When I finally have something to write about as a paper to be submitted to a journal, I found myself copying the files from my previous paper again and again, delete much of it (contents of the old paper), and modify some parts for the new paper. Of course, it’s not that hard to do that everytime, but cookiecutter is a useful tool to streamline this.

How?

It’s easy to make your own cookiecutter template. In cookiecutter, you can have template variables that the user will be prompted to set when the template is being generated.
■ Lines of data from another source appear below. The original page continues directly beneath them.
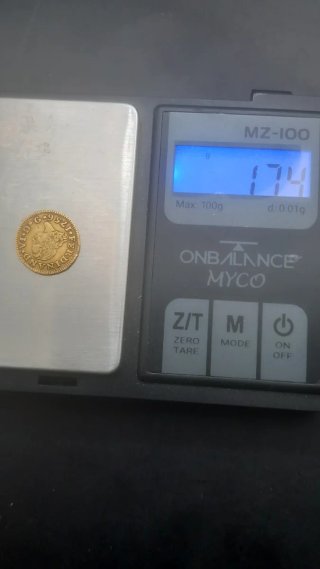 Moneda Medio Escudo Oro 1756
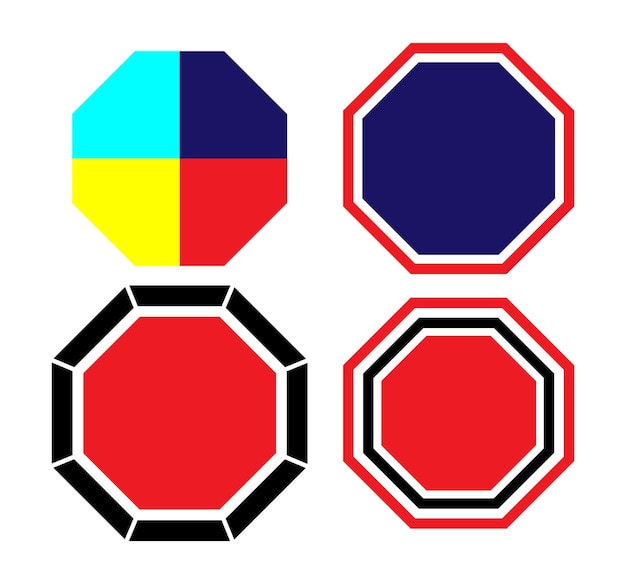 Vector de formas octogonales geométricas para maestros y estudiantes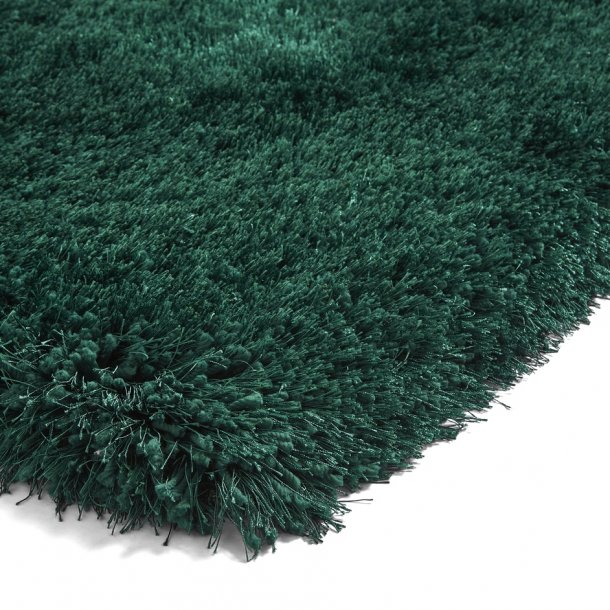 Luxurious Jewel Green Shaggy Rug – Plush High-Pile Texture in Vibrant Green – Multiple Sizes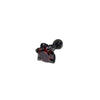 1 Piece Simple Style Geometric Titanium Steel Zircon Ear Studs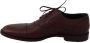 Dolce & Gabbana Rode Bordeaux Leren Formele Schoenen Red Heren - Thumbnail 6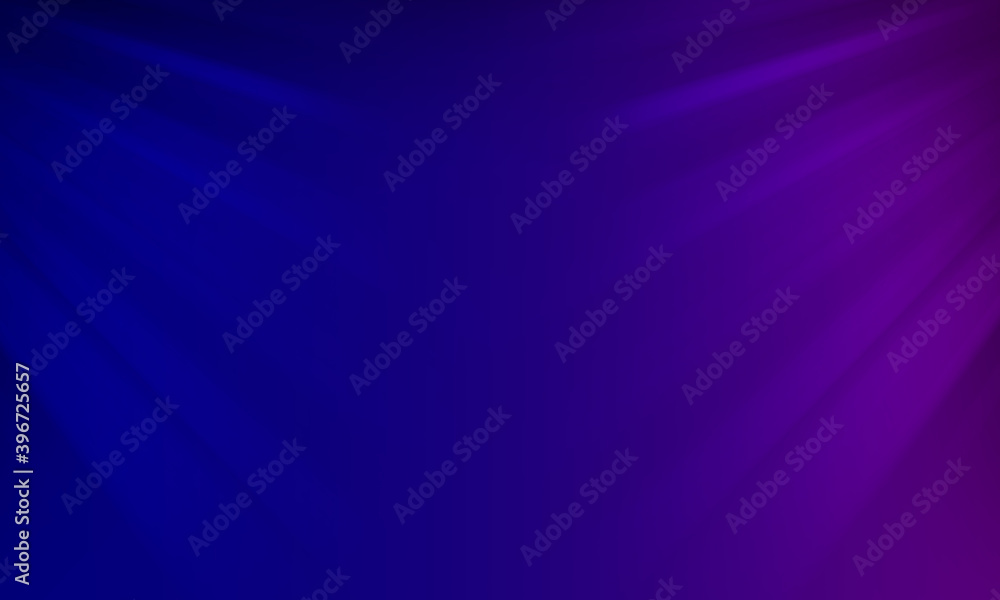 Blue and purple abstract background with white light pattern.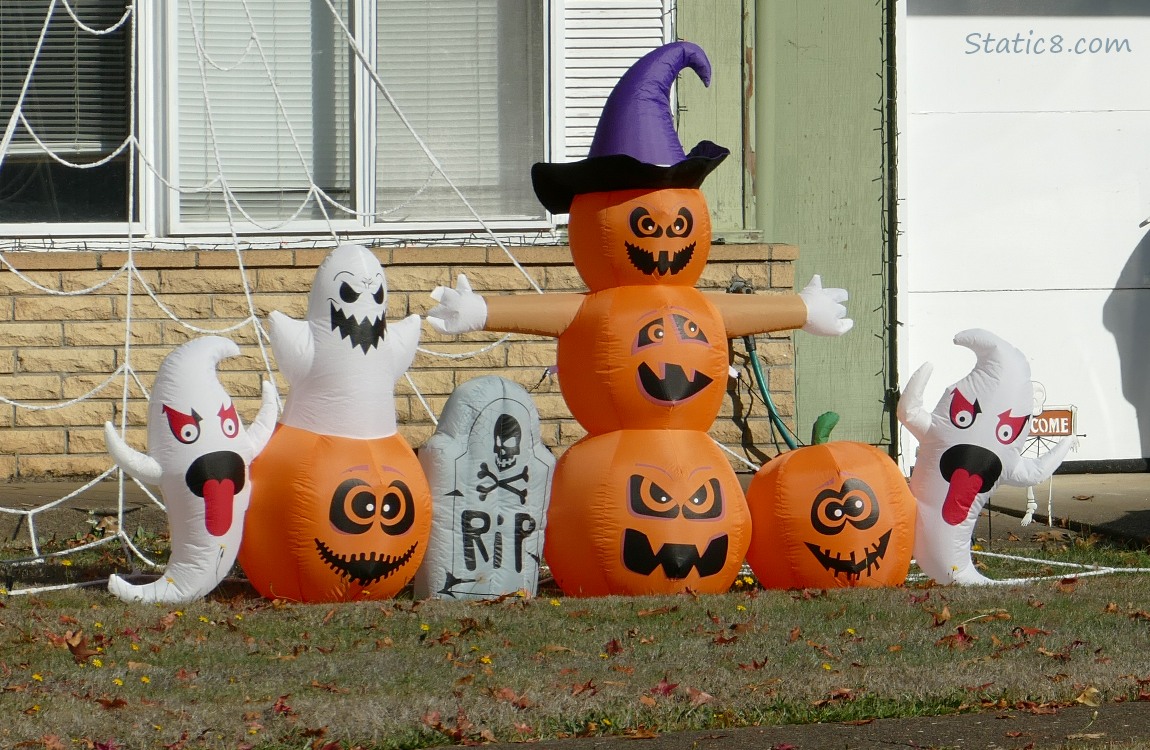 Blow-up Halloween decorations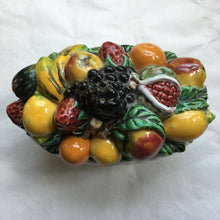 Load image into Gallery viewer, Fruit topped ceramic basket work dish
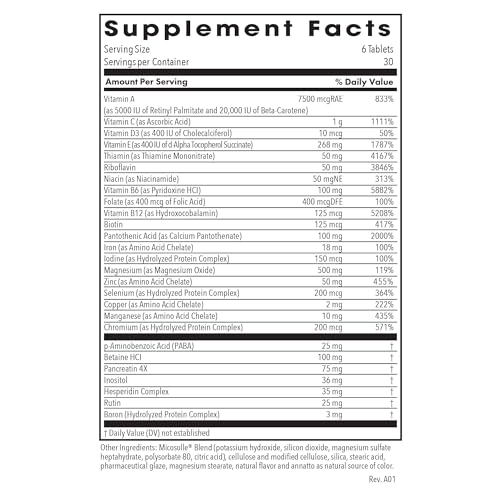 Optimox Androvite for Men - Magnesium Supplement for Men 500mg, Multimineral Supplement, Multivitamin Supplement, Vitamin C, Vitamin D3, Calcium-Free - 180 Count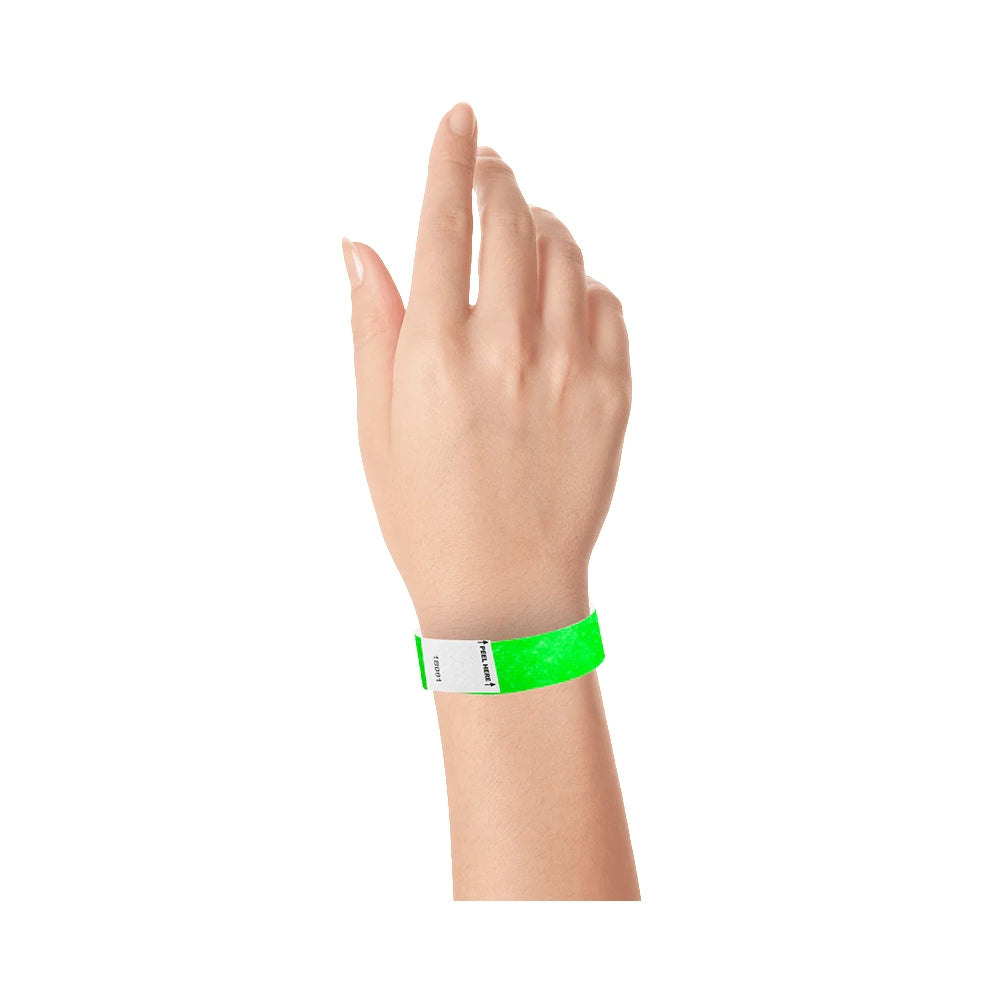 Litter Free - 3/4" Tyvek® Wristbands
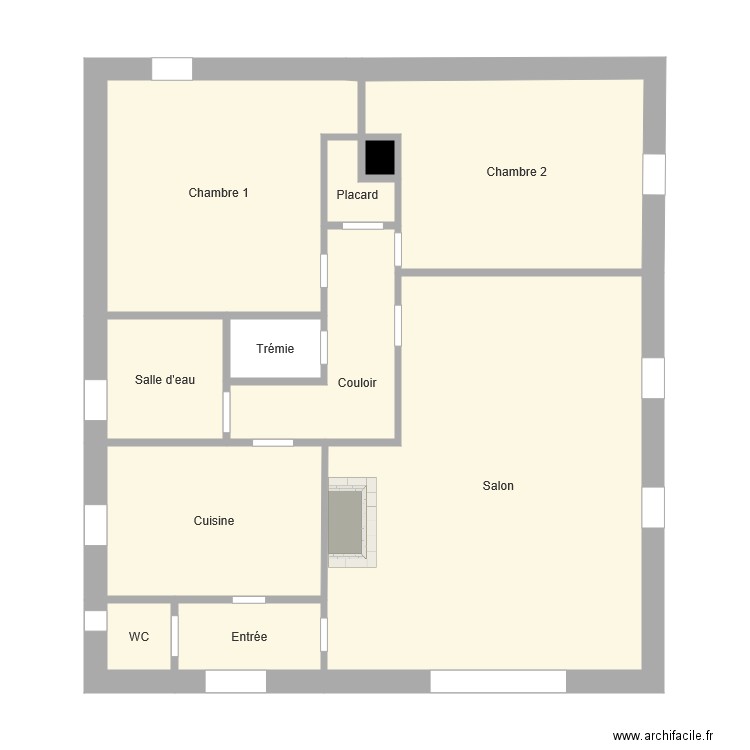 PLAN MAISON 1ER. Plan de 0 pièce et 0 m2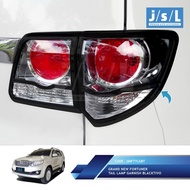 Toyota Fortuner Garnish Lampu Belakang Blacktivo 2014 2015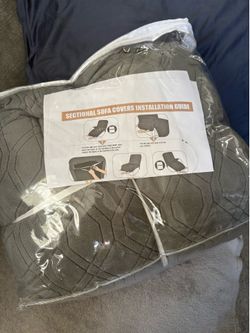 Sofa seat covers for a six seat sectional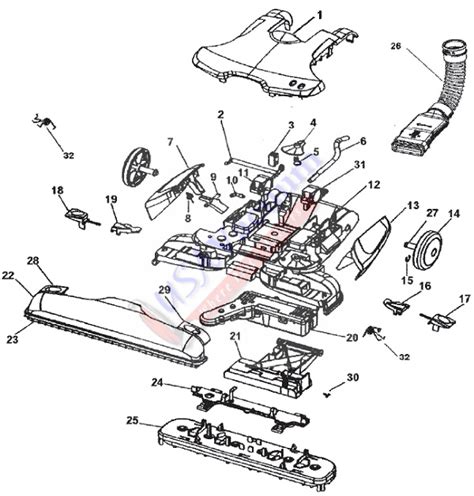 HOOVER H3000 PARTS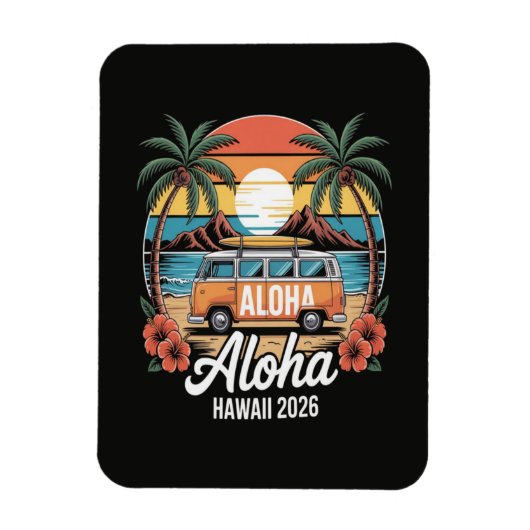 Aloha Hawaï 2026 Magneet (Verticaal)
You specify this in cookiecutter.json, which, in this case, looks like

{
  "paperdir": "paper",
  "texfile": "ms",
  "papertitle": "Enter paper title",
  "authors": "Semyeong Oh",
  "_copy_without_render": [
        "aasjournal.bst",
        "aastex61.cls",
        ".gitignore"
    ]
}

It’s very simple with four template variables that I want to customize when I’m starting a draft:

  • paperdir for directory where all the files go in
  • texfile for the name of the TeX file
  • papertitle for the title of the paper
  • authors for authors

The template rendering is done with jinja2, and you can use the variables in directory/file names as well as inside the content of the file. So in this case, I have {{cookiecutter.texfile}}.tex file which, when generated, will be ms.tex (the default value) if I don’t change it. And inside that file is this block

\title{ {{cookiecutter.papertitle}} }

\author{
  {{cookiecutter.authors}}
} 

which will also be changed to appropriate values when generated.

There are also files that I simply want to copy without processing with the template engine like the LaTeX class files (.cls) or bibliography style files (.bst). That’s what _copy_without_render option is for.

This example for minimal AASTeX6.1 document is available here.

Advanced usage

There are a couple of use cases for the advanced features in cookiecutter I can think of although I never needed them and didn’t bother to do it yet.

  • If you want to generate templates for different journals, you can have a choice variable which determine what’s inside a cls file.
  • If there are certain set of LaTeX commands convenient for certain type of projects, you can probably prompt whether or not to include e.g., math macros for probabilistic model equations.

Other usages

Cookiecutter, or any similar tool, is useful for many things that has to do with generating boilerplates like python package structure with proper setup.py, custom research project structure, etc. Checkout a pantry full of cookiecutters.